Le métier de policier s’est historiquement construit autour d’un équilibre délicat entre autorité de l’État, proximité avec la population et capacité à agir dans l’urgence. Observation du terrain, intuition forgée par l’expérience, enquête humaine et application rigoureuse du droit ont longtemps constitué le socle de l’action policière. Pourtant, depuis une quinzaine d’années, cet équilibre est profondément bousculé. La criminalité évolue plus vite que les structures chargées de la contenir.

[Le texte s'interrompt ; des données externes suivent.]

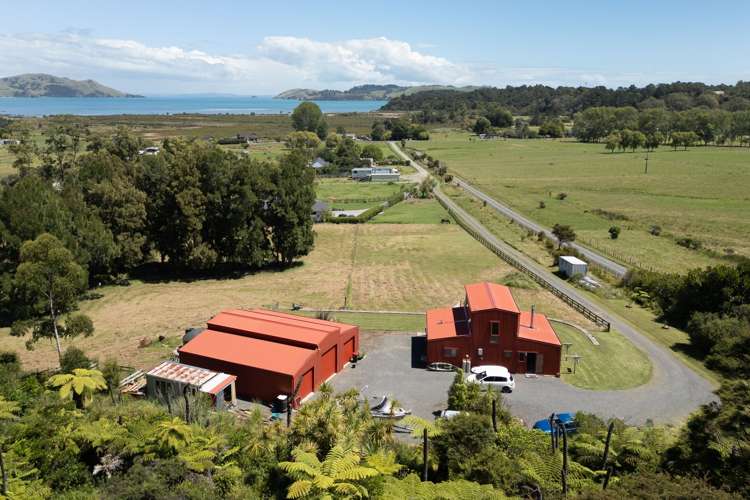 2595C Tiki Road_4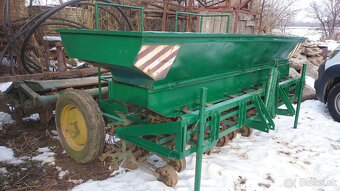 Sadzač cibule a cesnaku - 2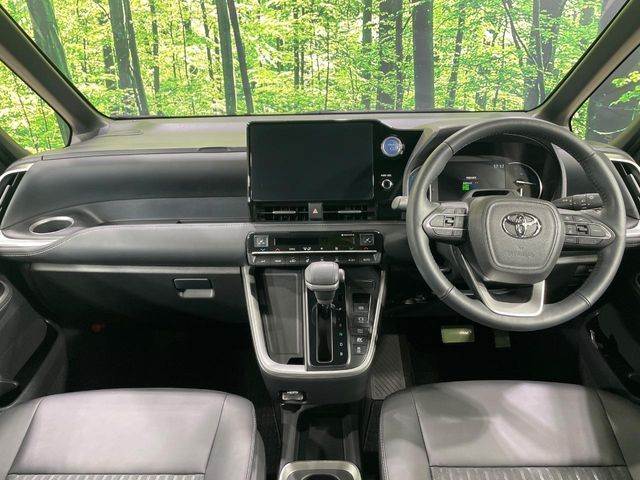 TOYOTA NOAH HYBRID 2023 Image 31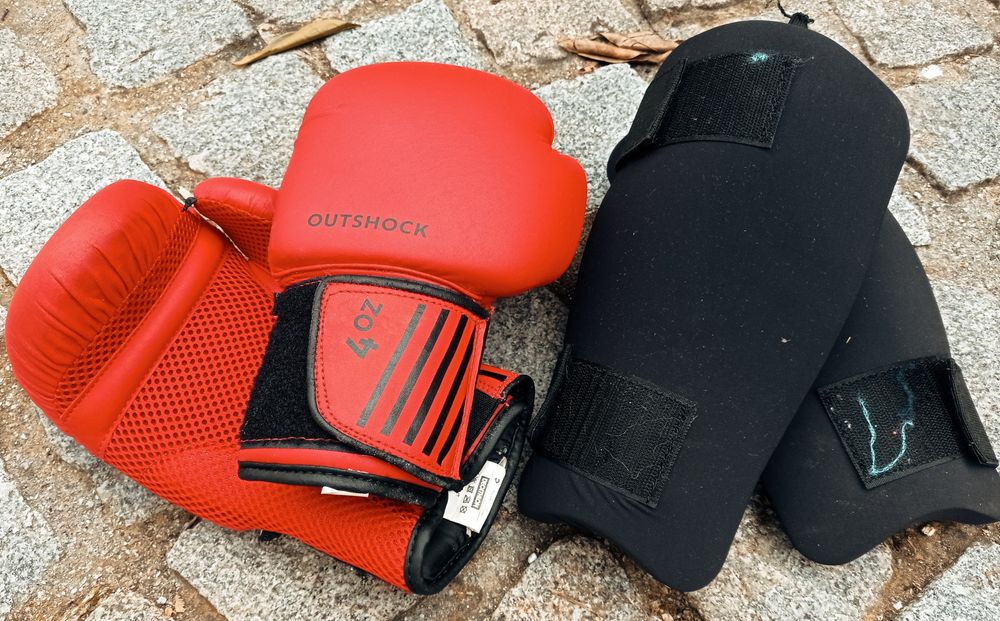 Luvas e Caneleiras Kickboxing
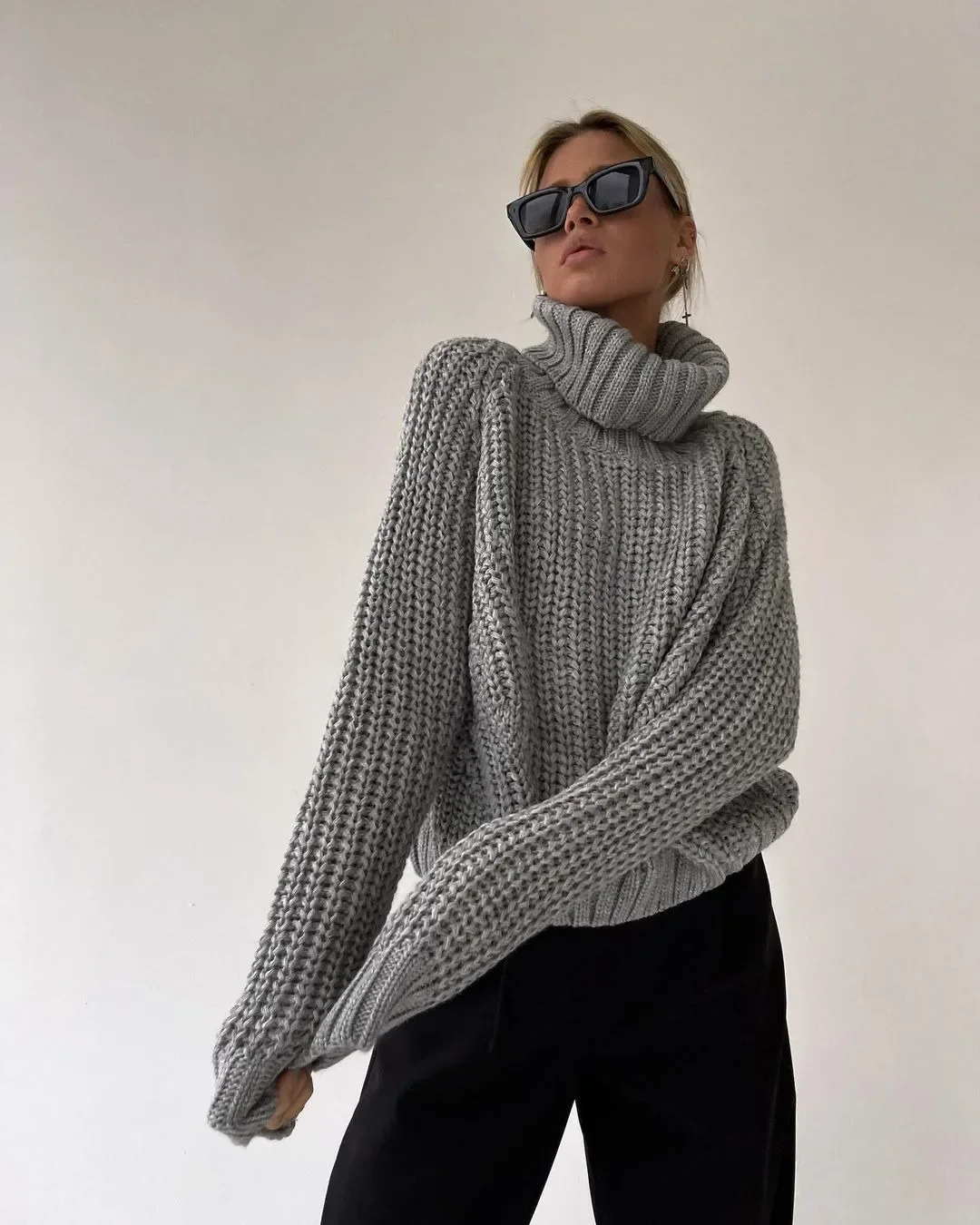 Fall/Winter 2023 New Long Sleeve Sweater Knitwear Women Solid Color High Waist Sweater Women Pullover
Fall/Winter 2023 New Long Sleeve Sweater Knitwear Women Solid Color High Waist Sweater Women Pullover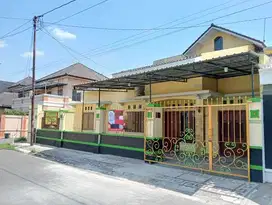 Rumah bagus siap pakai diperum elite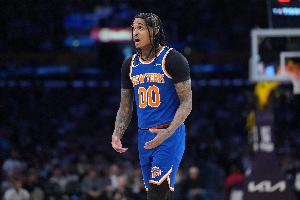 克拉克森比赛直播_尼克斯vs马刺_NBA最新动态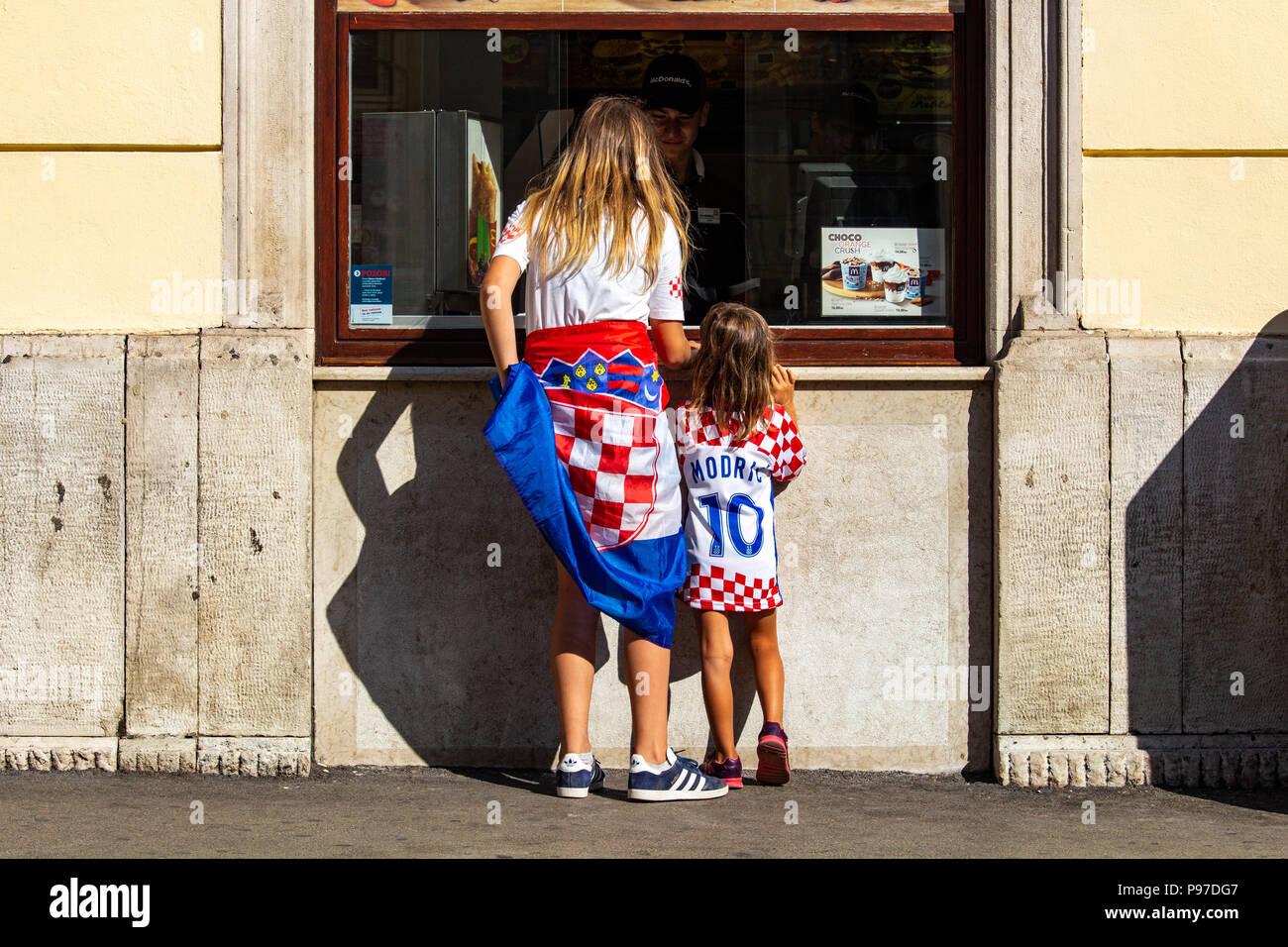 Pola, Croazia - 15 Luglio 2018: Sostenitori con simboli croato buting presso un fast food durante l'ultima partita di calcio della Coppa del mondo tra la Croazia e la Spagna Credito: Dino Geromella/Alamy Live News Foto Stock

Elle devient plus mobile, plus fragmentée, plus numérique et souvent transnationale. Cyberescroqueries, réseaux criminels structurés, blanchiment via cryptomonnaies, exploitation de failles numériques ou usage de deepfakes sont désormais des réalités opérationnelles quotidiennes.

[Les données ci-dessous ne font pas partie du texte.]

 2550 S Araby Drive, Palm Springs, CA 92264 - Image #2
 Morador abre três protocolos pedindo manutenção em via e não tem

Dans le même temps, l’environnement informationnel de la police explose. Vidéosurveillance urbaine, caméras embarquées, données téléphoniques, traces numériques, réseaux sociaux, capteurs urbains produisent un volume de données sans précédent. Europol estime que plus de 90 % des enquêtes criminelles majeures comportent aujourd’hui une dimension numérique significative1. Cette masse d’informations dépasse largement les capacités humaines de traitement. C’est dans cet interstice que l’intelligence artificielle s’impose progressivement comme un outil stratégique, capable d’analyser, corréler et prioriser ce que l’humain seul ne peut plus appréhender.

Le recours à l’IA n’est pas marginal. Le marché mondial des technologies de sécurité intégrant de l’IA dépasse désormais 45 milliards de dollars, avec une croissance annuelle à deux chiffres, notamment dans l’analyse vidéo et la cybersécurité2. Mais cette adoption soulève une interrogation fondamentale, au cœur du débat démocratique européen : comment doter la police de technologies puissantes sans fragiliser les libertés publiques, la présomption d’innocence et la confiance citoyenne, dans un contexte où l’AI Act classe certains usages policiers parmi les plus sensibles3 ?

L’intelligence artificielle n’entre pas dans la police comme une rupture spectaculaire, mais comme une accumulation progressive de briques technologiques intégrées à différentes étapes du travail policier. Ces usages, déjà bien réels, transforment en profondeur la chaîne de prévention, d’enquête et d’intervention.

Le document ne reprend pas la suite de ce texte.